With up to 45 drives in a RAID 10 configuration, the Compellent sustained 4,288 IOPS. NetApp's array, with 14 drives in a RAID-DP (RAID 6) configuration, sustained 1,945 IOPS. With 41 drives, the performance was 2,413 IOPS. "They offered to 'throw in' another tray of disks, which we turned down for the obviously non-linear results," says Vance.
HP's array, with 24 drives in RAID 5, ranged from 1,000 IOPS to 2,009 sustained IOPS over several tests. All of the arrays used 146 GB or 300 GB 15,000 rpm Fibre Channel (FC) drives.
Vance and his admins were intrigued by Compellent's built-in storage virtualization and management features, including thin provisioning, snapshots, replication for disaster recovery and automated tiered storage (which Compellent calls Data Progression).

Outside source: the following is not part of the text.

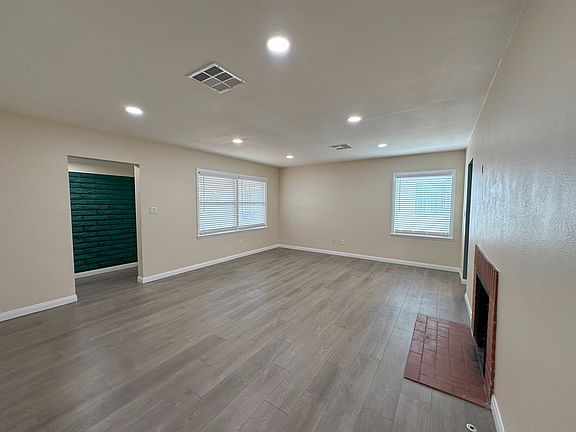5th image of 1356 W Marshall Blvd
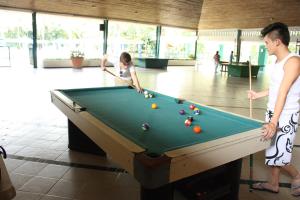 梅尔加Hotel Guadaira Resort的打台球的女人和姑娘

"There were two things we attributed the increased Compellent performance to that weren't options in the [HP EVA] 4400: RAID 10 and their fast track option combined with data progression," says Vance. "Combining the RAID 10 with fast track allows you to only waste space where it's worth it for I/O performance, and lets the SAN manage when it isn't worth the extra space required for RAID 10."
While the HP EVA 4400 also virtualizes storage and NetApp's arrays come with built-in data protection features, Vance says the Compellent array's provisioning flexibility stood out. "We're not locked into definitions on any volume," he says. "On the HP, you need to define a new volume and migrate everything if you change your mind. With the Compellent, if you want to change a volume, you just do it—you don't have to redo everything."
What used to be a few hours per day spent managing DAS has dropped "to near zero," notes Vance.
However, there are still some items on his wish list, including solid-state drives, which Compellent pledges to support this year. "[That] will be excellent with the Data Progression," says Vance.